What are the symptoms and causes of tooth decay?

Teeth with cavities and decay are so common that you may not notice them. More importantly, you might think that it doesn’t matter if your child has cavities. However, in any case, cavities and tooth decay can cause real and lasting complications for children who do not yet have permanent teeth. You should be careful and take them for a consultation with a pediatric dentist in Dubai if you are in Dubai.

Symptoms of decay may include:

  • Pain
  • Grinding of teeth
  • swelling or discharge around the tooth
  • Damaged or broken teeth
  • Biting problems
  • Weight loss or eating problems due to pain or discomfort when eating or chewing
  • Toothache
  • Mild or severe pain when eating or drinking anything sweet, hot, or cold
  • Visible decay or holes in the teeth
  • Dull, dark, or white discoloration of any tooth surface
  • Crack when clenched tightly

How does it happen?

Tooth decay is a damaged area where a small crack or hole forms on the hard surface.
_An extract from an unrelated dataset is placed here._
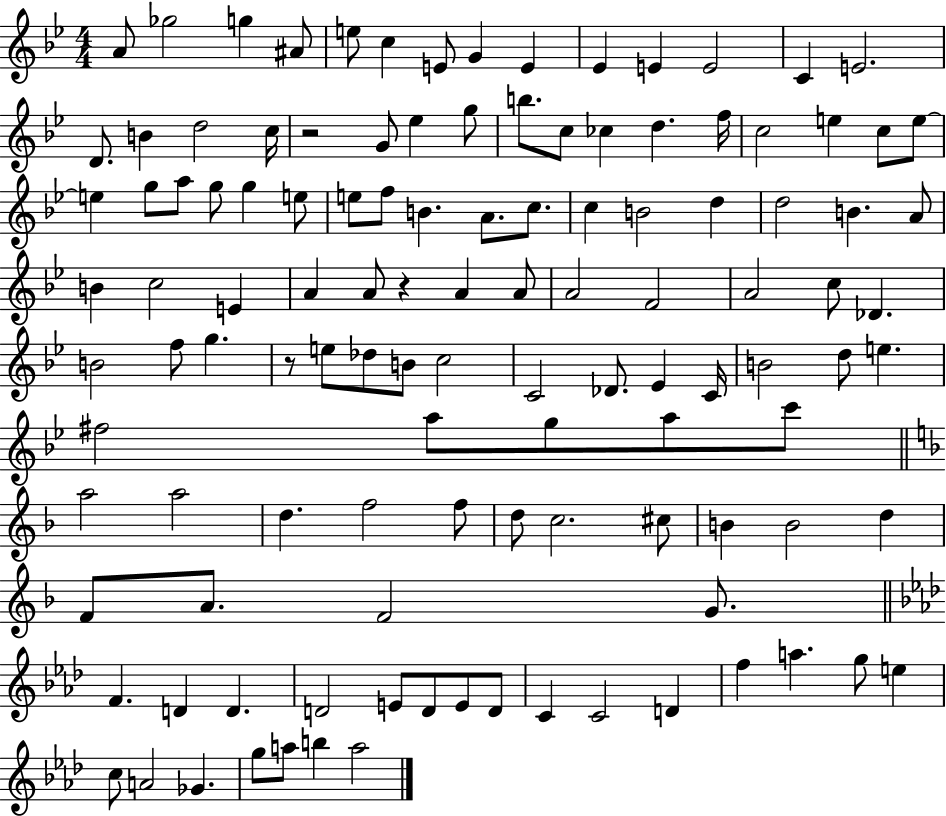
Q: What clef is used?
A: treble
Several components cause it: microorganisms in the mouth, constant eating, sugary drinking drinks, and improper brushing.

Tooth decay is one of the most common medical problems in the world. It is prevalent in young people, teenagers, and adults. However, tooth decay can happen to anyone, including newborns.

You may not realize that your teeth are forming cavities. Therefore, it is essential to have a standard dental check-up and clean in the absence of any oral problems. However, if you experience tooth or mouth pain, see your doctor as soon as possible.

Keep in mind that dietary issues like anorexia and bulimia can prompt critical tooth decay and cavities. Stomach corrosive from continued regurgitating (cleansing) washes over the teeth and starts dissolving the polish. Dietary issues likewise can meddle with salivation creation.

Plaque is a sticky film that coats the teeth. It is caused by overeating sugar and starch and by improper brushing. When sugar and starch are not removed from the teeth, microorganisms quickly use them and form plaque. The plaque left on the teeth thickens under or above the gum line and becomes tartar. Tartar makes plaque challenging to remove and provides protection for microscopic organisms.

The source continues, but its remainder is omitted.